You can buy a 38, 40 or 42T ring for the inner position and a chain guard for the outer position for your 110 BCD cranks. Depending on the terrain and your cogset, you may try just replacing the outer ring with a guard and running the 36. Available at many places such as cyclocrossworld dot com. dave


----------



## Dan Gerous (Mar 28, 2005)

I finished my first cross season yesterday, 2x10 but I think I'll go 1x10 for next fall. I'm geared with road compact rings (34/50, I use my cross bike to train, to do group rides and even entered a few road races so I need a bigger chainring than what a single ring for cross would be) and I'm obviously too between rings with those when racing cross, I'll probably get a 40 or 42 with a 11-27 or 11-28 cassette but that's all depends of when/if I get a dedicated road bike. I'm a big fan of elimitaing front shifts. I'm converting my mountain bike to a 1x10 too.


----------



## colinr (Nov 20, 2006)

So if the OP is running a 36/46 and doesn't use the 46 enough... just use a smaller big ring. Don't have to go to a single. Run a 36/44 or 36/42.

For the guy who called 140 rpm "real sprint cadence"... dude we're not track sprinters here. With legs full of lactic after 45-60 mins, I get my best torque/watts at 90 rpm. 42x12 at 90 rpm is NOT sprint-winning speed for me. YMMV.


----------



## GearDaddy (Apr 1, 2004)

I've been using a single ring setup with a 42T, outer chain guard, and 3rd-eye chain watcher for the last 3 years, and I'm quite happy with it. I switched from a double to a single because I had one too many times where the chain came off with the double setup during a race. Since running the single ring setup, I have had absolutely zero problems with my drivetrain in those 3 years.

For just a couple races where there was a pretty steep but rideable hill, I switched out to a 38T chainring. Otherwise a 42T with a 12-25 or 13-26 (I'm running 9-speed Campy) has worked great.

As far as training, I just keep CX tires on and the gearing works just fine. I've discovered that the most effective CX training for me is to do relatively short workouts (i.e. 1 to 2 hours) where I ride at a pretty intense pace on a mix of trails, roads, paths, and do "hot laps" at a local park where I can include some runups, dismounts, and such. I did hardly any road bike rides at all this fall and I've had as good of results as ever. I see no need to do 3+ hour road rides, much less do any sprint workouts.
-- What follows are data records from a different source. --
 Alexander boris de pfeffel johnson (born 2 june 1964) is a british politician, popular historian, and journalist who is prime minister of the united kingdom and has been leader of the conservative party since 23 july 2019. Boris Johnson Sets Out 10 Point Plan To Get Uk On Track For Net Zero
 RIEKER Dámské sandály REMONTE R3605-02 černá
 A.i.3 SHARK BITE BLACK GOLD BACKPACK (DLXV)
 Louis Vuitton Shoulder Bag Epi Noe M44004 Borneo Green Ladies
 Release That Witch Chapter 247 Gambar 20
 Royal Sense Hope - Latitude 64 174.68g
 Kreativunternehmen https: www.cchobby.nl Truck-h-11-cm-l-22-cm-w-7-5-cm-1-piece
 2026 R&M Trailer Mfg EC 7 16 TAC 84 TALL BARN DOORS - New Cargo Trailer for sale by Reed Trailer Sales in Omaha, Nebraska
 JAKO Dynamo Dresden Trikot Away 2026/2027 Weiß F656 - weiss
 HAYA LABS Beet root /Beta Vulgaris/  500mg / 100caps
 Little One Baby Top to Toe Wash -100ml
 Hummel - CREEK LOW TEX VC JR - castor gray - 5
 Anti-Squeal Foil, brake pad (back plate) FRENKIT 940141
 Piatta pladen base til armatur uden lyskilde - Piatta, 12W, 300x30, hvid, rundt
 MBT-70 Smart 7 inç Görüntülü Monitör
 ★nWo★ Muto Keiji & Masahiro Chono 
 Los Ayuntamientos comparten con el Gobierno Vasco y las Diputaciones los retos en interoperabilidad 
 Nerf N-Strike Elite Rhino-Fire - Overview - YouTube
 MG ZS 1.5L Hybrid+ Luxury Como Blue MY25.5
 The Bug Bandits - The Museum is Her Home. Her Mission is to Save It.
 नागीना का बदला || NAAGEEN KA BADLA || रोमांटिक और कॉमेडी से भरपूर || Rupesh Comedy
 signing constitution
I also use the same CX setup for the majority of my early season spring road rides. I just throw on some older CX tires that have been worn down smooth in the center of the tire. It's perfect for spring roads around here that have all sorts of crap on the roads. The tires roll well enough and the gearing is fine for the pace of the road rides with training partners at that time of the year.


----------



## cogswell23 (Aug 15, 2007)

colinr said:


> So if the OP is running a 36/46 and doesn't use the 46 enough... just use a smaller big ring. Don't have to go to a single. Run a 36/44 or 36/42.
> 
> For the guy who called 140 rpm "real sprint cadence"... dude we're not track sprinters here. With legs full of lactic after 45-60 mins, I get my best torque/watts at 90 rpm. 42x12 at 90 rpm is NOT sprint-winning speed for me. YMMV.


As usual, Colin gets it. 

I mean, I can understand folks running a single 42t ring, sorta. I wouldn't do it, but I get it. But running a single 38t or 39t like a lot of y'all apparently do? That's for the birds as far as I'm concerned. I'm a small guy, not super powerful. I run a 39/46 up front, with 12-25 in the rear, and I'm almost always in the big ring. 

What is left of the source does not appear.